WHAT YOU NEED TO DO →
The answer is to be the data that follows, transcribed exactly, minus its pictures.

** COLLECTED DATA follows **

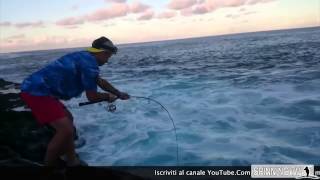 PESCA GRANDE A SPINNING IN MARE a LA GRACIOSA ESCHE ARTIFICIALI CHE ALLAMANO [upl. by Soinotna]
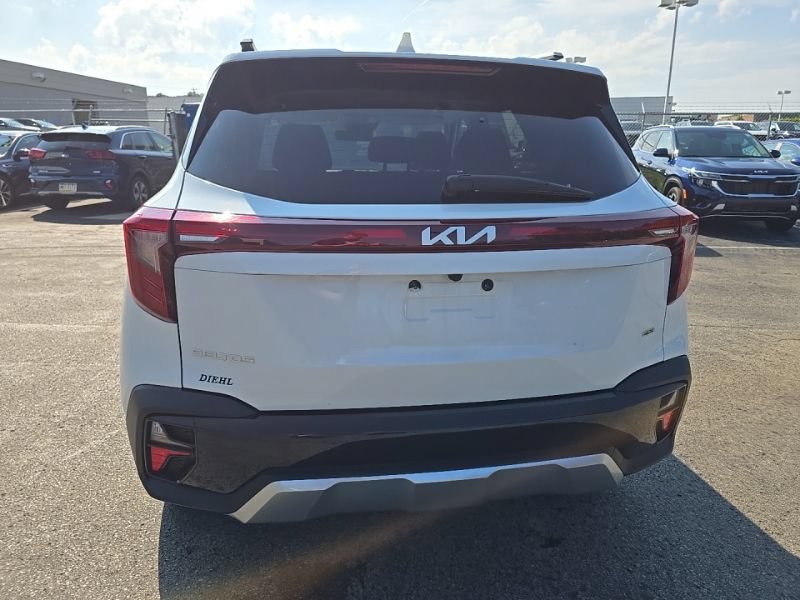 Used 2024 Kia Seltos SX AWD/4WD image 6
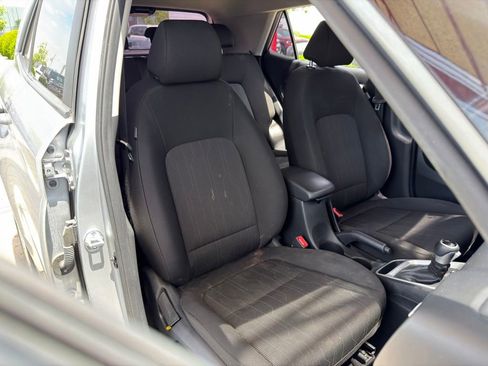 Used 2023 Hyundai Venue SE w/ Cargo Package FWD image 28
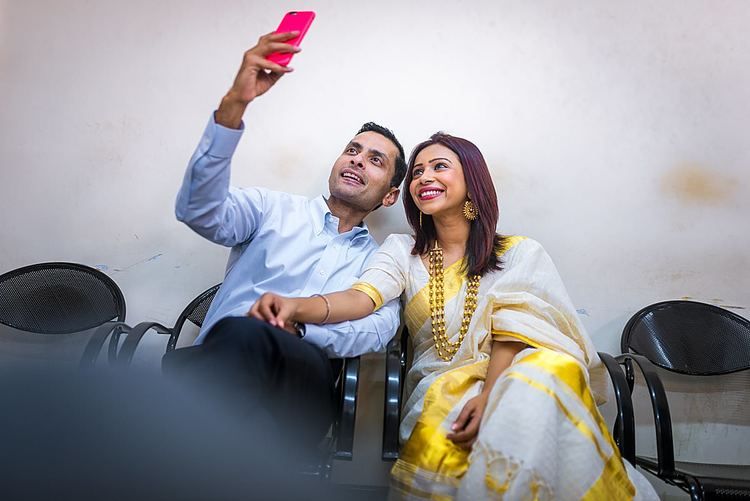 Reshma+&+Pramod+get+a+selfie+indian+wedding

** End of COLLECTED DATA **

COMPLETED EXERCISE →
 PESCA GRANDE A SPINNING IN MARE a LA GRACIOSA ESCHE ARTIFICIALI CHE ALLAMANO [upl. by Soinotna]
 Used 2024 Kia Seltos SX AWD/4WD image 6
 Used 2023 Hyundai Venue SE w/ Cargo Package FWD image 28
 Reshma+&+Pramod+get+a+selfie+indian+wedding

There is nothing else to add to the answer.